Could really use a hand from someone on this mdx query. I am trying to produce a rolling median for the last 365 days on per user and per day basis. I need the median to be the median per user response days. It seems like a simple computation but I cannot see how to get it to work with the crossjoin in the mix. Any help would be so very appreciated! If you even have a suggestion on a direction to attack this from that would be great.
SET [2Years] AS
'{[FirstOrderDate].[Full Date].&[2010-01-15T00:00:00]:[FirstOrderDate].[Full Date].[2012-08-20T00:00:00]}'
MEMBER [Measures].[2YearMedianLag]
AS
median({[FirstOrderDate].[Full Date].currentmember.lag(365):[FirstOrderDate].[FullDate].currentmember} , [Measures].[Response Days])

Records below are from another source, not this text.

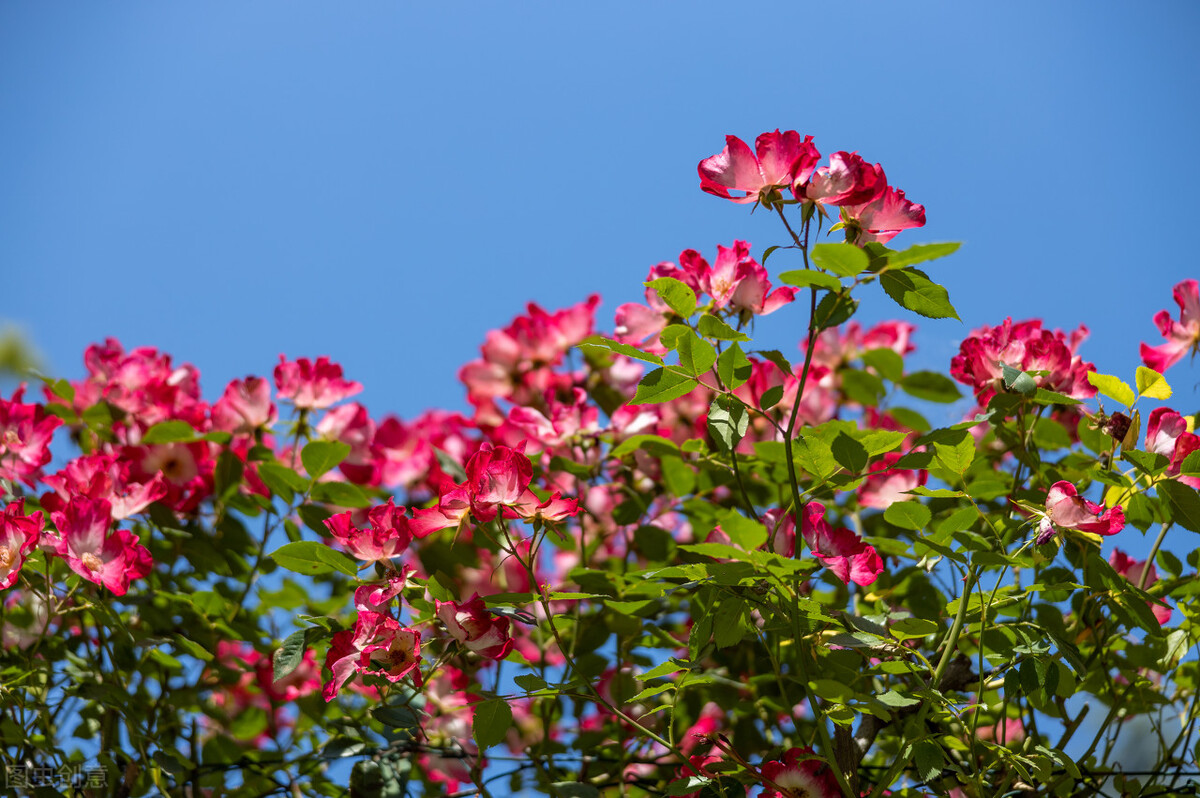 100个让自己变美的习惯,变美的29个习惯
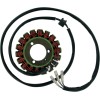 Stator stil OEM RICK'S MOTORSPORT ELECTRICS 21-303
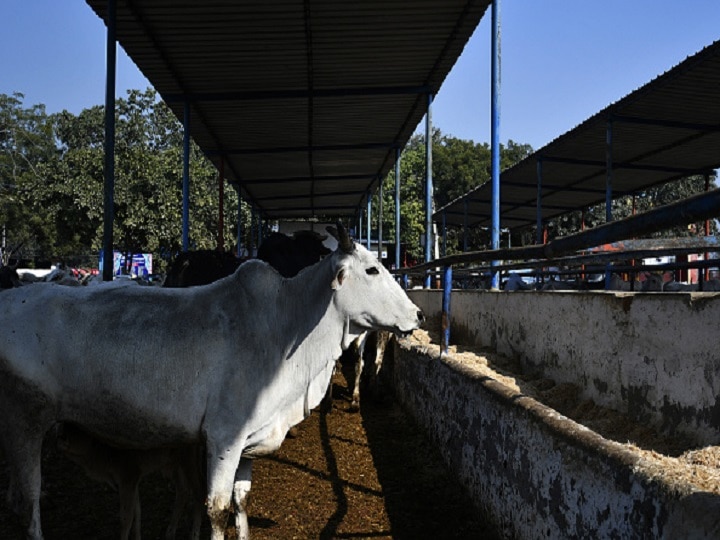 What Is Karnataka Anti-Cow Slaughter Bill? Know Will It Effect Small Businesses EXPLAINED | What Is Karnataka Anti-Cow Slaughter Bill? Know Will It Affect Small Businesses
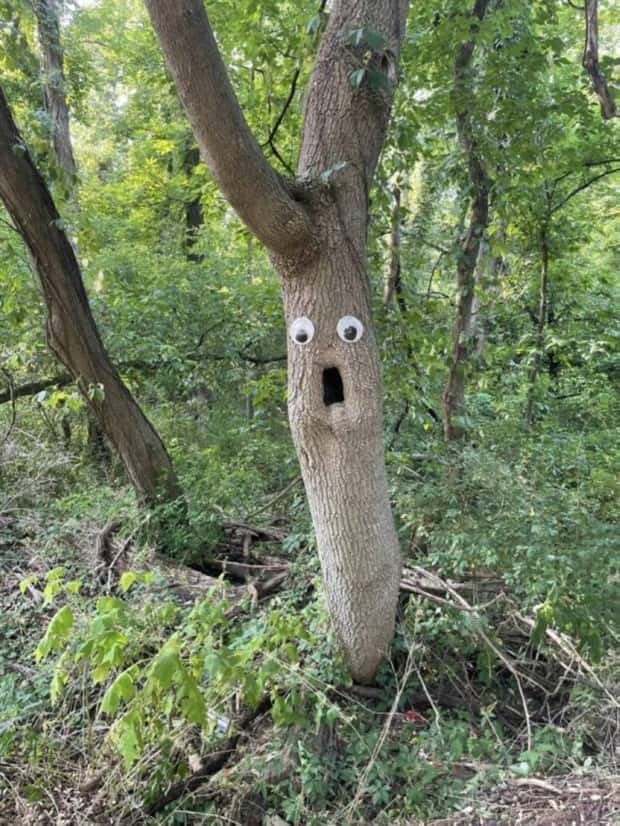 Klyker Picdump #1562 (42 photos)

SELECT {[Measures].[Response Days], [Measures].[MedianLag]} ON 0,
NonEmpty(crossjoin( [days],
[User].[User ID].children),[Measures].[Response Days]) ON 1
FROM [UserRevenue]
Thank you in advance for your assistance.
EDIT:
SampleData (UserName varchar(100) null, FirstOrderDate Datetime null, ResponseDays int null)
('Jim', '2001-01-03', 10)
('Fred', '2001-01-03', 80)
('Frank', '2001-01-04', 30)
('Sally', '2001-01-05', 18)
('Joan', '2001-01-06', 26)
('Bill', '2001-01-06', 15)
('Ted', '2001-01-08', 29)
('Sam', '2001-01-10', 9)
('Jane', '2001-01-17', 200)
SampleOutput (FirstOrderDate datetime null, MedianResponseDays int null)
('2001-01-03', 45)
('2001-01-04', 30)
('2001-01-05', 24)
('2001-01-06', 22)
('2001-01-07', 22)
('2001-01-08', 26)
('2001-01-09', 26)
('2001-01-10', 22)
('2001-01-11', 22)
('2001-01-12', 22)
('2001-01-13', 22)
('2001-01-14', 22)
('2001-01-15', 22)
('2001-01-16', 22)
('2001-01-17', 26)
It's tricky because you need to work with a different set of rolling dates per day on rows. Are you sure you want 365 for the lag? That gives you 1 year plus 1 day. Anyway, this technique uses an inline named set to create a named set for each combination of user/date and assigns it a unique number, then you can pull that named set back out again in a StrToSet function to match up with the current row's user and dates. This version factors in each individual user:
with
set Users as [User].[User ID].Children
set UsersDates as NonEmpty((Users, [FirstOrderDate].[Full Date].children), [Measures].[Response Days])
set [Rolling Period] as
Generate(
UsersDates,
StrToSet(
"{[FirstOrderDate].[Full Date].currentmember.lag(364): [FirstOrderDate].[Full Date].currentmember} as RP" + CStr(UsersDates.CurrentOrdinal)
)
)
member [Measures].[Median Lag] as
median(
StrToSet("RP" +
CStr(Rank(([User].[User ID].CurrentMember, [FirstOrderDate].[Full Date].CurrentMember), UsersDates)))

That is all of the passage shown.